==== EXERCISE DATA

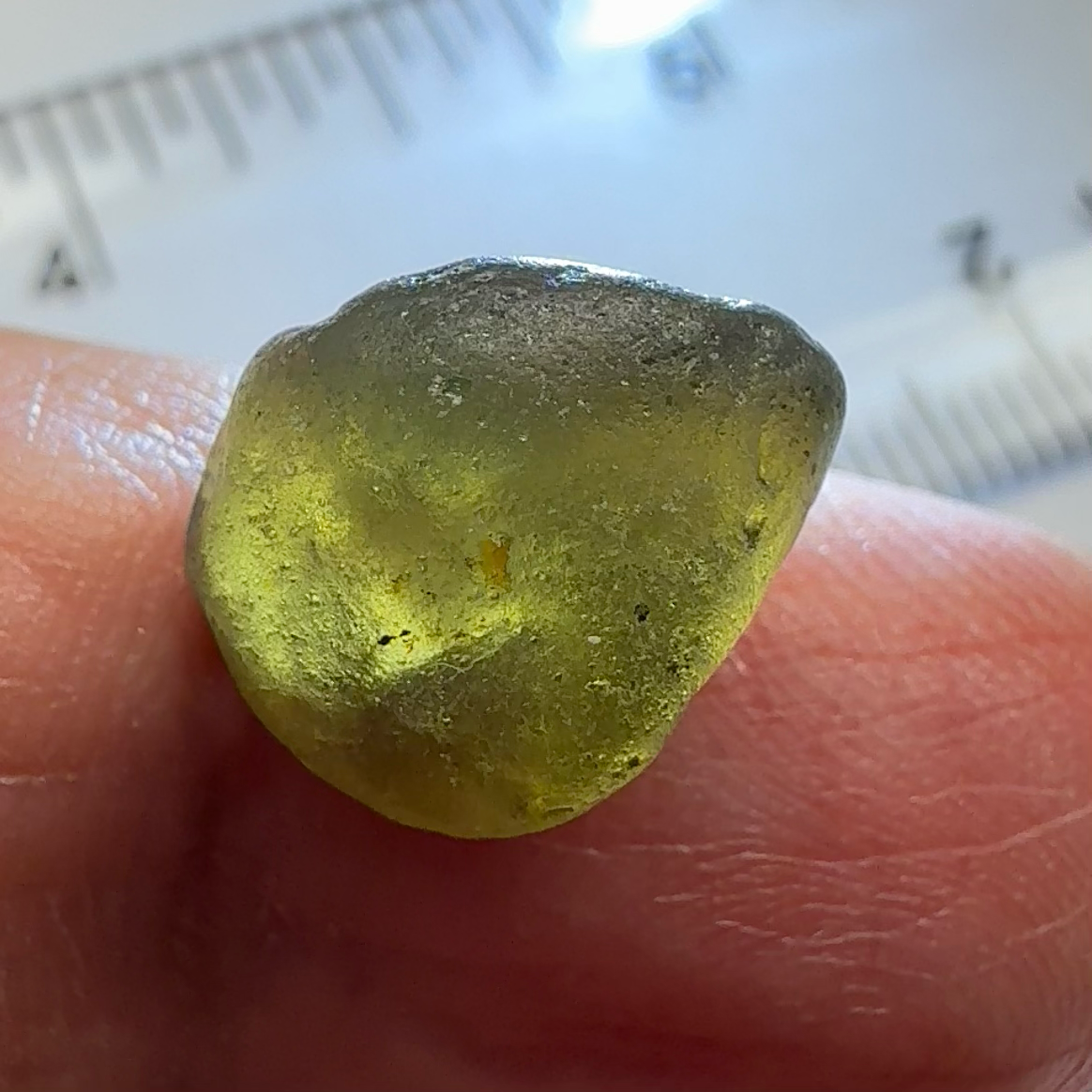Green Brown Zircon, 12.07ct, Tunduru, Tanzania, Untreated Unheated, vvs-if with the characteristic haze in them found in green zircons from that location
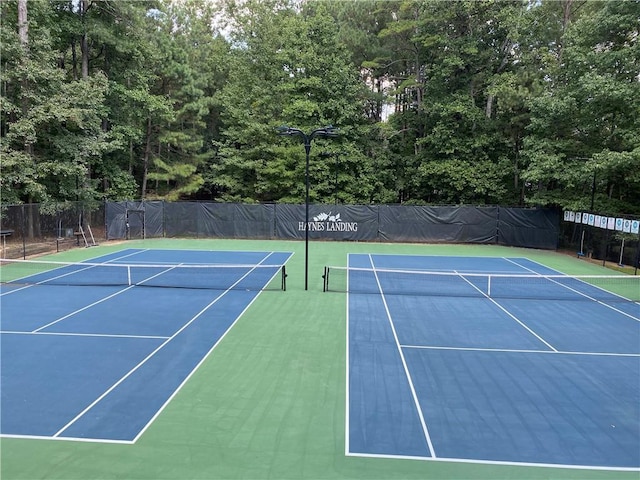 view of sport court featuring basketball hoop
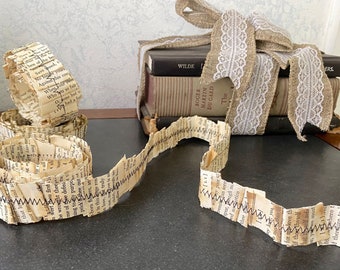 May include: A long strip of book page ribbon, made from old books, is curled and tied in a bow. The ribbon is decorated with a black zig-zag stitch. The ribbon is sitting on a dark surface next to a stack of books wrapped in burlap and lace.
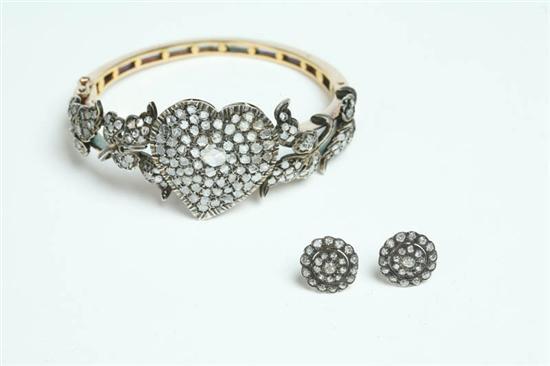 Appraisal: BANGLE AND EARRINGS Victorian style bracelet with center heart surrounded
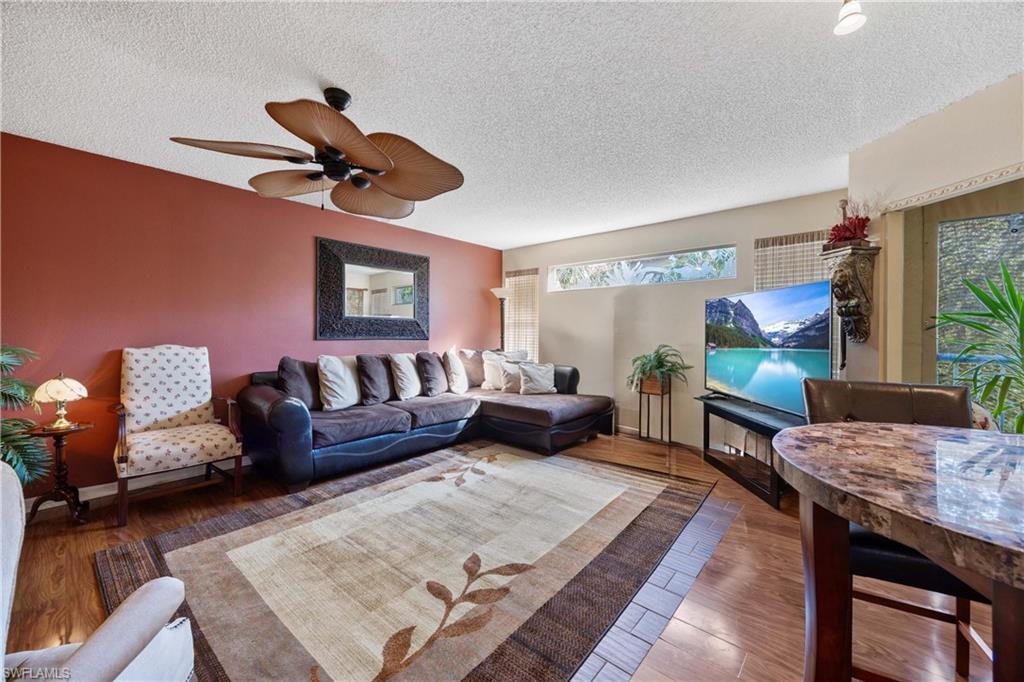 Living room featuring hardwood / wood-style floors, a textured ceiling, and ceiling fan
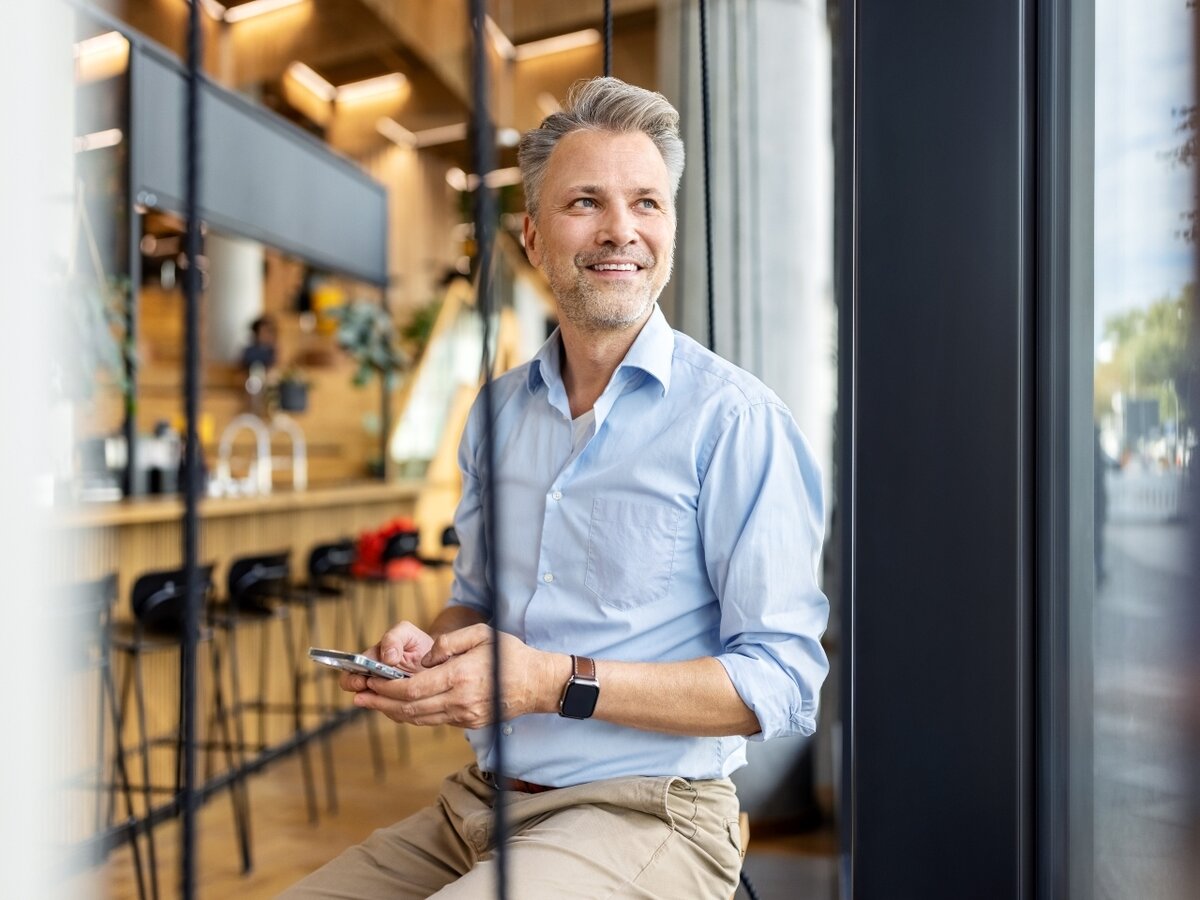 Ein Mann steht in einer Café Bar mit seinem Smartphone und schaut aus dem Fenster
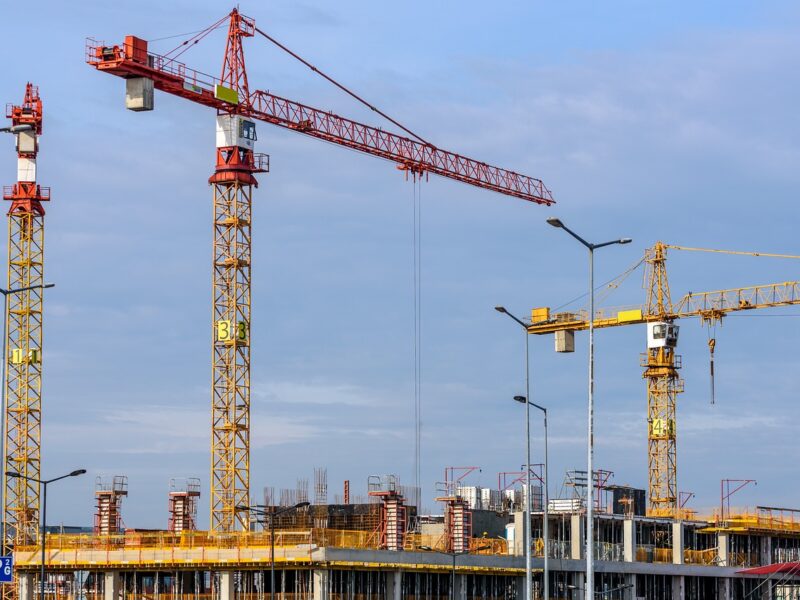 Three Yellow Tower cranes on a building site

========

TASK PROMPT: Lines from the one with "Ein Mann steht" through the final line of the records are the whole answer; print them exactly, minus any pictures.

ANSWER TO THIS TASK:
 Ein Mann steht in einer Café Bar mit seinem Smartphone und schaut aus dem Fenster
 Three Yellow Tower cranes on a building site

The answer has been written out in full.